Treasury yields finished higher on Monday, with the 30-year rate posting its biggest jump in an almost a week, as traders focused on the likelihood that the Federal Reserve will likely raise rates again in two days despite banking-industry concerns.
- The yield on the 2-year Treasury TMUBMUSD02Y, 3.990% advanced 7.6 basis points to 3.922% from 3.846% on Friday. Yields move in the opposite direction to prices.
- The yield on the 10-year Treasury TMUBMUSD10Y, 3.485% rose 8.2 basis points to 3.477% from 3.395% as of Friday.
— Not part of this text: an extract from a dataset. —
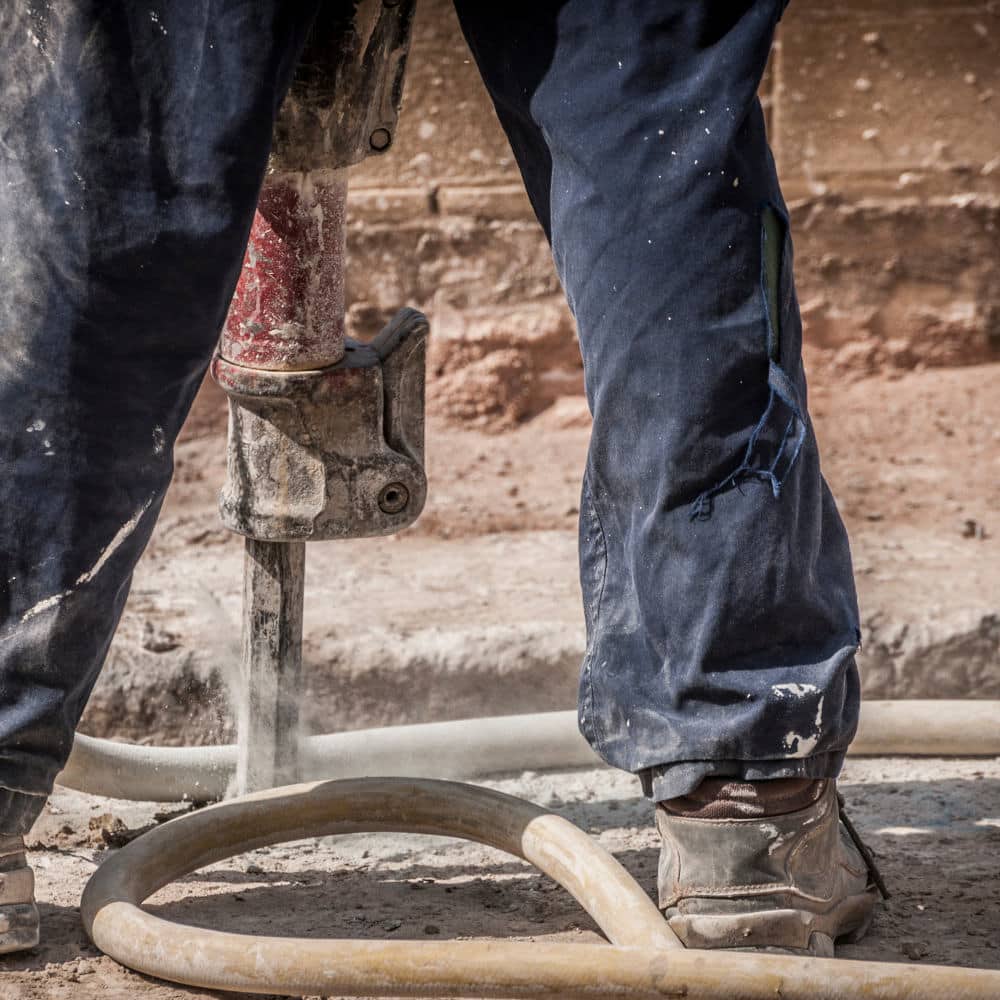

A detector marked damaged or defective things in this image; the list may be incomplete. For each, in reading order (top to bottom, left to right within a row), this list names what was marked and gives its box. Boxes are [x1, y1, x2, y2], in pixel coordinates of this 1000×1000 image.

torn pants leg [0, 1, 322, 828]
torn pants leg [458, 0, 864, 796]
- The yield on the 30-year Treasury TMUBMUSD30Y, 3.671% jumped 6 basis points to 3.660% from 3.6% Friday afternoon. That’s the largest one-day jump since last Tuesday.
What drove markets
Lingering concerns about the health of the global banking system saw investors pile into sovereign bonds early Monday. The sight of Credit Suisse’s AT1 bond holders having their billions in investment wiped out as part of the bank’s takeover by UBS added to the attraction of government paper. These bonds, also called contingent convertible bonds, or CoCos, have been a key funding source for European banks.
But during New York trading, the direction of Treasury yields reversed and shifted higher. That’s because traders focused on the likelihood that the Federal Reserve will hike rates on Wednesday and again in May. They priced in a 73.1% probability that the Fed will lift the fed-funds rate target by a quarter of a percentage point — to between 4.75% and 5% — in two days, according to the CME FedWatch tool. In addition, traders see a 42.2% chance of another quarter-point hike in May, up from 20.7% on Friday, according to fed-funds futures.
Sovereigns were bought across the board earlier on Monday. The German 10-year bund yield TMBMKDE-10Y, 2.119% was 2.119% after touching the lowest level this year, while its French peer TMBMKFR-10Y, 2.656% slipped 3.8 basis points to 2.656%.
What analysts are saying
“Three difficult issues confront policy makers and markets this month,” said Jim Vogel, executive vice president at FHN Financial in Memphis. One is that the actions taken to address individual bank problems have undermined the value of the securities and systems that support all banks, he wrote in a note. The second is that “in previous market distress, households moved their assets into banks because they were a safe haven [and banks] were the right kind of anchor, but not today. And third is that looser monetary policy “has been a valuable step in previous distress episodes … again, not available today.”